In AWS SQS, I have one FIFO queue for each user with messages coming from another system. When a user joins his own Phoenix channel (e.g. user:42), I start a Broadway process that keeps pulling messages from user’s queue in SQS and pushing them to the user via websocket.

My current implementation calls Broadway.start_link/2 from the join/3 callback of Phoenix Channel, like this:

Broadway.start_link(__MODULE__,
  name: String.to_atom("Broadway-" <> user_id),
  producer: [
    module: {BroadwaySQS.Producer,
      queue_url: queue_url(user_id)
    }
  ],
  processors: [
    default: [
      concurrency: 1
    ]
  ],
  batchers: [
    default: [
      batch_size: 10,
      batch_timeout: 1000
    ]
  ]
)

The questions are:

Is this right in terms of processes and supervision?
When the user disconnects, I see that all his Broadway-related processes are gone, which is good, but I’m wondering if this is a proper stop/shutdown or if I should implement something.

Best regards,

Roger

trisolaran · July 5, 2022, 6:40pm

If you want Broadway to properly drain messages and perform a graceful shutdown, it should be started as a child of a supervision tree. See the bullet point “Graceful shutdown” here. Typically, people start Broadway as a child of the supervision tree of their main application.

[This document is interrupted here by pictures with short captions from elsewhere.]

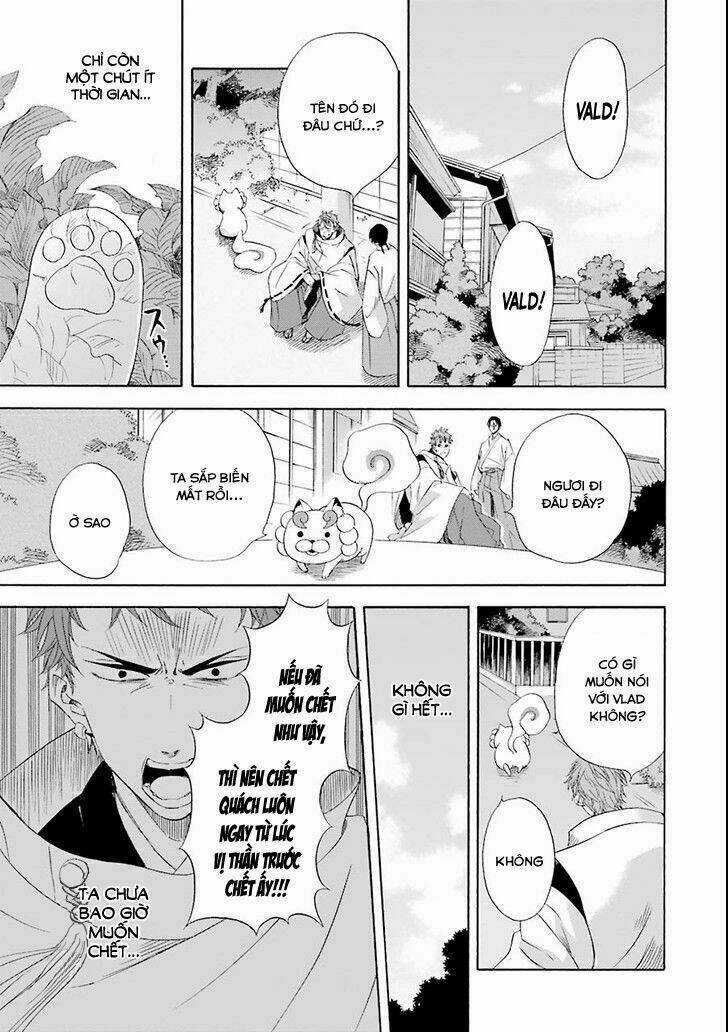 Vị Thần Ma Cà Rồng - Chapter 4 - Trang 23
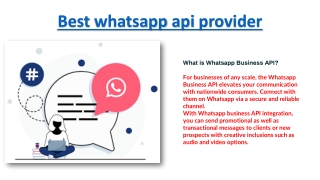 Best whatsapp api provider | whatsapp business api | bulk whatsapp service | Fon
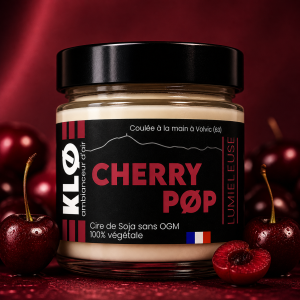 Bougie Cherry Pop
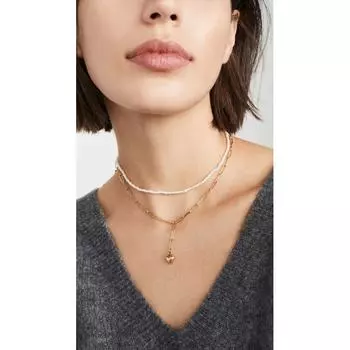 Металлический ветер Прямоугольный ремешок с пряжкой Универсальный кулон в форме сердца Y-цепочка Ожерелье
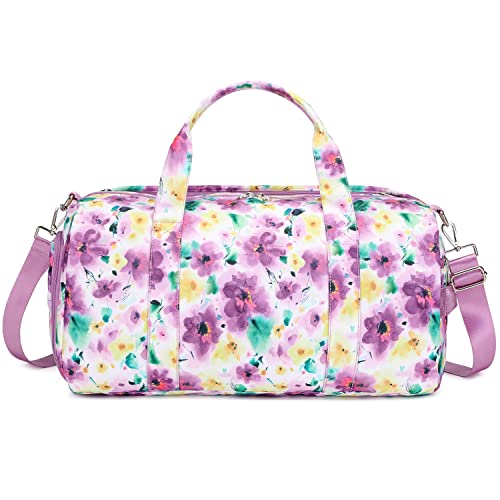 Abshoo Teen Floral Purple Gym Bag 100 Deals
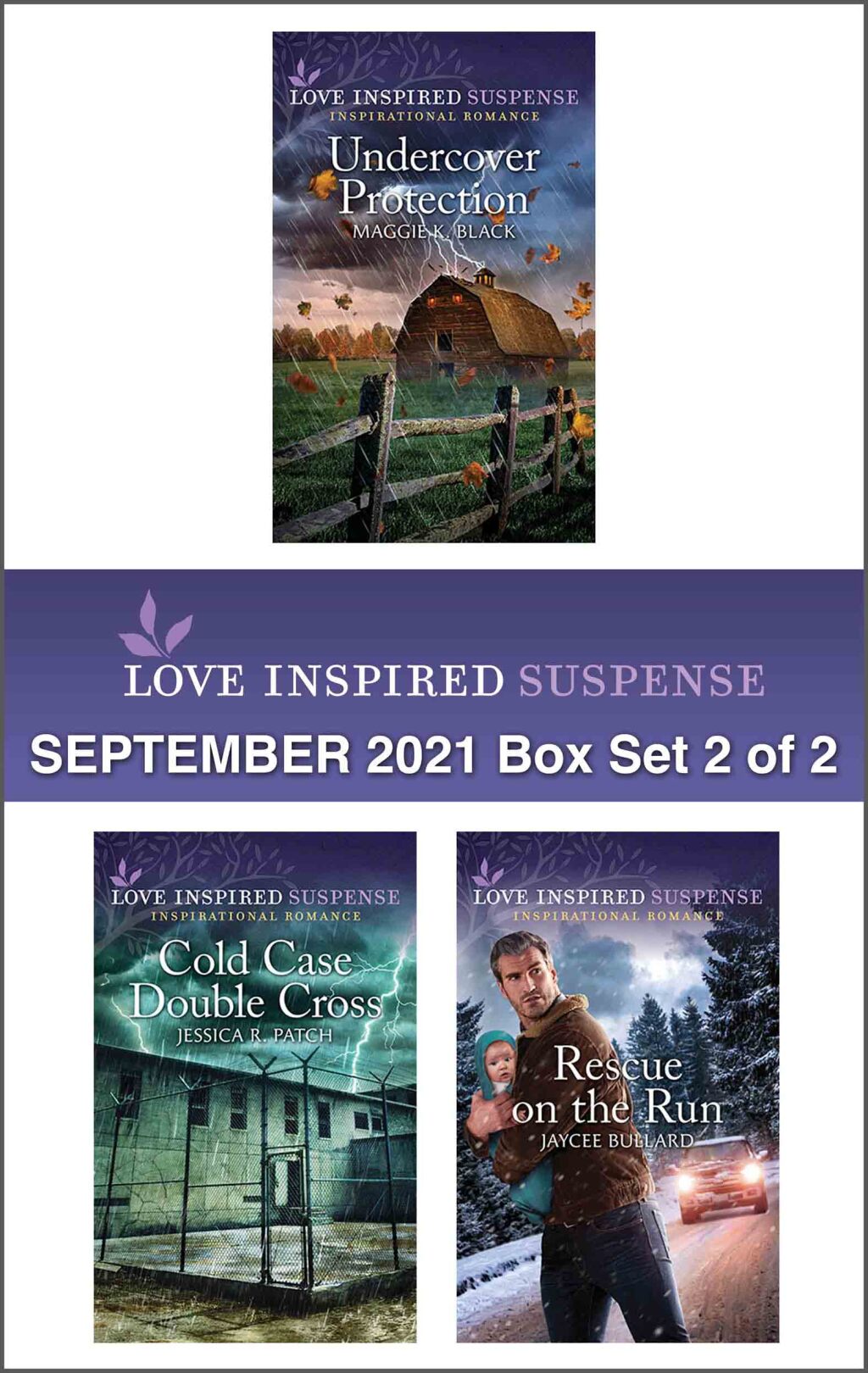 Reflowable Love Inspired Suspense September 2021 - Box Set 2 of 2; $13.31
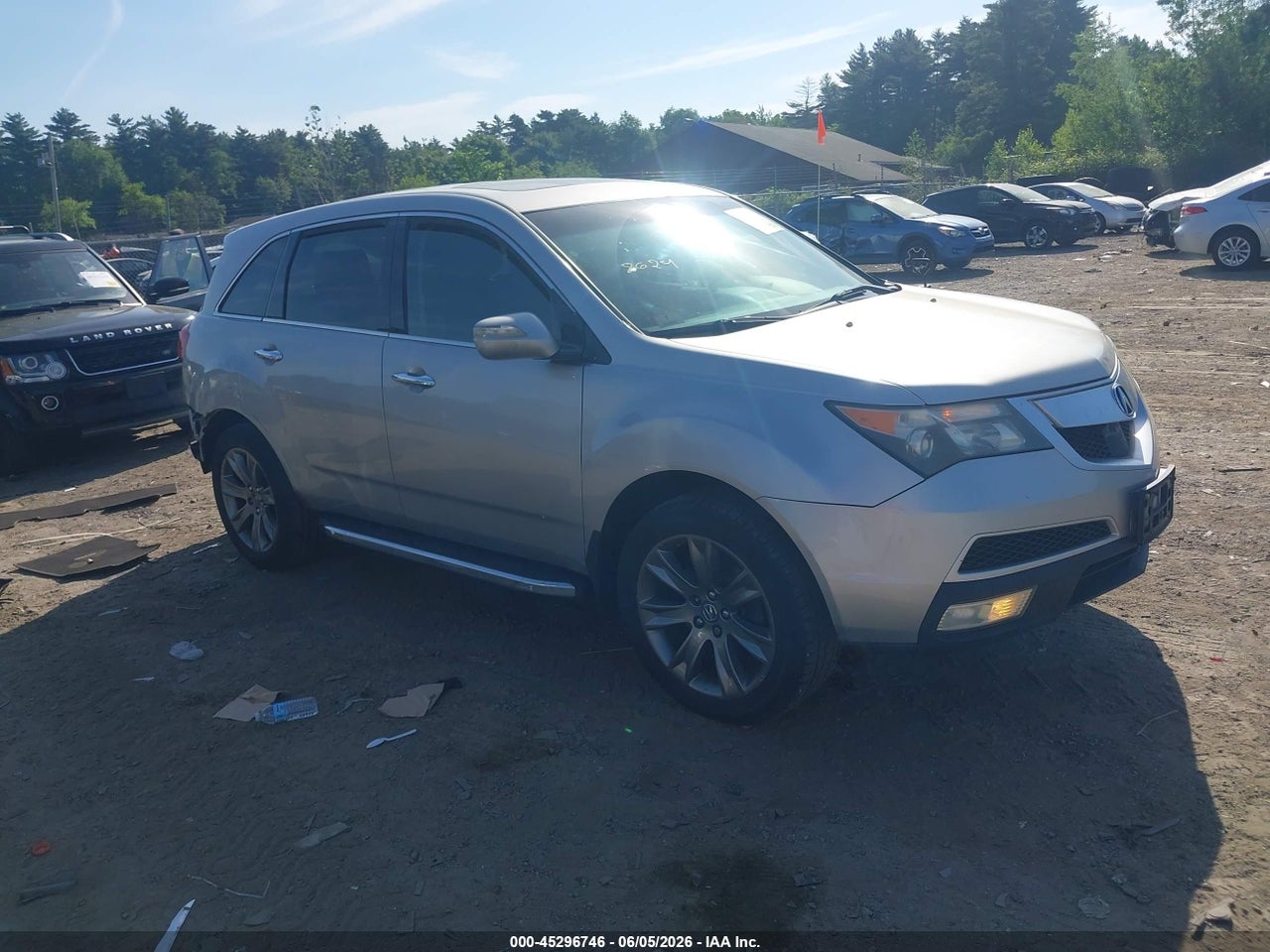 2HNYD2H55AH****** · 2010 ACURA MDX ADVANCE PACKAGE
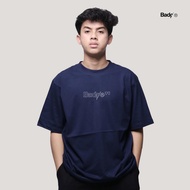 Badger Basic T-shirt BADG LINE Navy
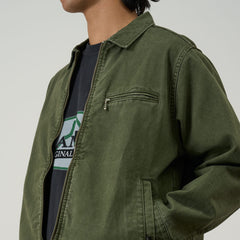 Gramicci Taos Canvas Jacket Moss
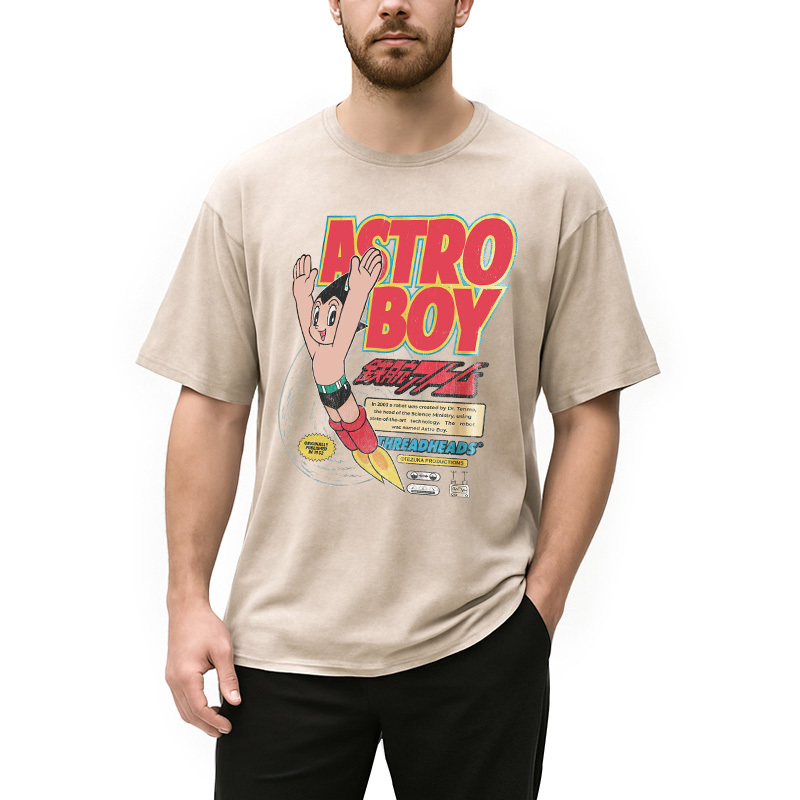 Astro Boy Vintage Washed T-Shirt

Starting a new Broadway pipeline whenever a user joins a channel seems like overkill to me, as it is using a separate SQS queue for each user (do you create them dynamically?). Without knowing the exact problem you’re trying to solve, I would probably attempt to have a constant number of queues (1 is possible) shared by all users and a single pipeline that fetches messages and routes them to the destination channel.

rogerweb · July 5, 2022, 7:35pm

Thanks for your inputs.

it should be started as a child of a supervision tree

It is under the Phoenix supervision tree, but I’m not sure it means Broadway will perform a graceful shutdown.

Typically, people start Broadway as a child of the supervision tree of their main application.

That’s exactly how I usually do too, but only if I know which queue I’ll be reading from a priori, which is not the case.

do you create them dynamically? [a queue per user]

Yes, that other external system creates the queue as part of the provisioning process of a new user.

I would probably attempt to have a constant number of queues (1 is possible) shared by all users and a single pipeline that fetches messages and routes them to the destination channel.

The problem is the destination channel (the user) might not be there to receive the fetched message, so we would have to keep his message(s) in the queue for certain time, then after some short time they would appear again but the destination might still be offline and so on and on. Imagine we have hundreds of offline users. It seems odd to keep fetching messages that we can’t deliver. Also, online users might be penalized (in terms of delay) as their messages might be “buried” under a bunch of messages targeted to offline users.

The problem I’m trying to solve is: how to deliver user-specific enqueued messages to the users when they get online. Messages might be enqueued at any time, but dequeued only when the user is online.

Again, thanks a lot for you time and let me know if I can be more exact or specific.

trisolaran · July 5, 2022, 8:07pm

Thanks for the overview. What you’re sketching sounds a lot like email.

Have you thought about creating user’s mailboxes (for example in a DB) where you can store undeliverable messages? When you fetch a message for a user from the queue and the user is offline, you store the message in the mailbox. The user will then receive the messages when they go online.